Le fait que l'inflation continue d'être inférieure à la cible de 2% de la Fed lui donne une grande marge de manœuvre pour laisser les taux inchangés. Toutefois, elle exercerait davantage de pression récessionniste ou une crainte déflationniste pour justifier une baisse des taux.

Le harcèlement de la Fed par Trump a peu d'impact concret. Il reste largement indépendant malgré sa capacité à nommer 2 nouveaux membres du comité pour combler les postes vacants.

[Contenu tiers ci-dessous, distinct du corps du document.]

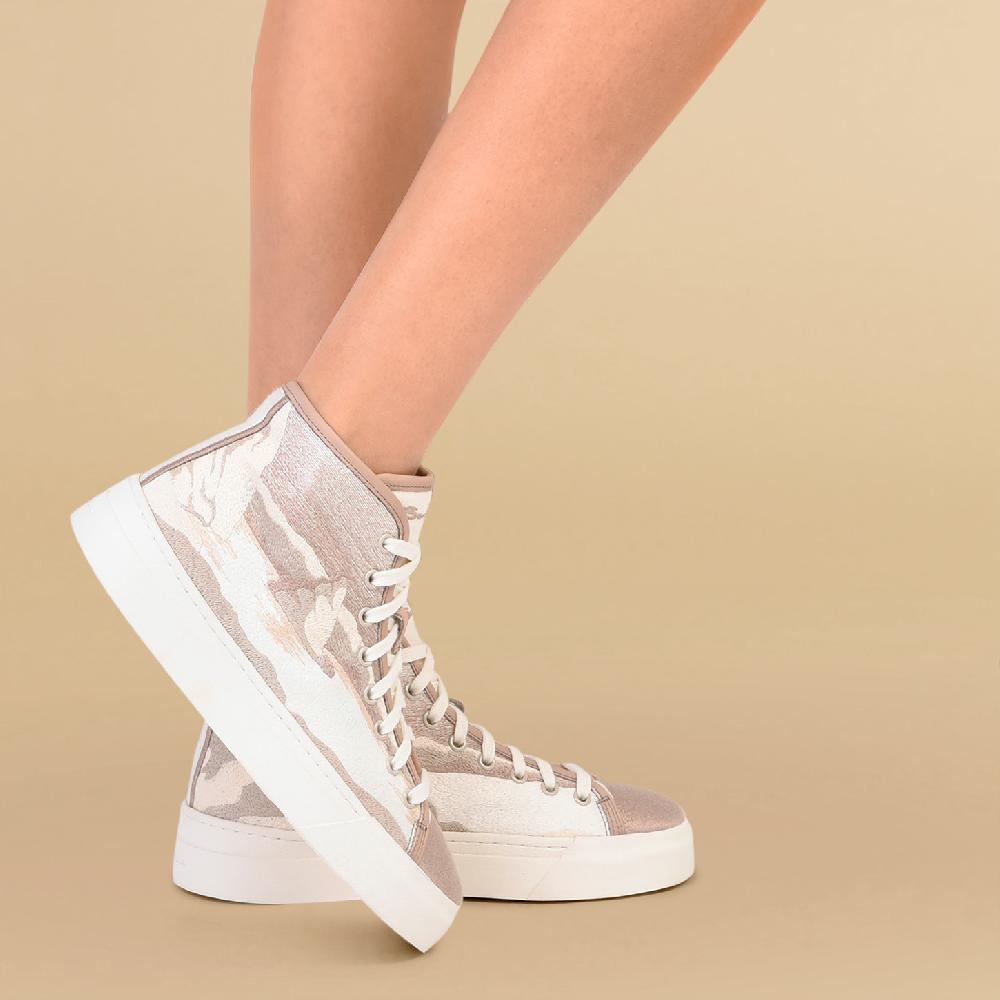Santoni Sneaker da donna in tessuto beige Italia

La pause de la Fed est, d'une manière générale, favorable aux actions des marchés émergents. A moins que l'Europe ne s'affaiblisse plus sévèrement, nous nous attendons à ce que le dollar américain se maintienne dans une fourchette. Les marchés émergents pourraient même résister à une appréciation progressive du billet vert.

Avec la Fed en attente, les valeurs relatives à court terme du marché mondial des obligations souveraines changent beaucoup. L'inflation est en deçà des objectifs sur la plupart des marchés développés. Les autres grandes banques centrales (BoE, BCE, BNS et BOJ) sont toutes en attente pour le moment.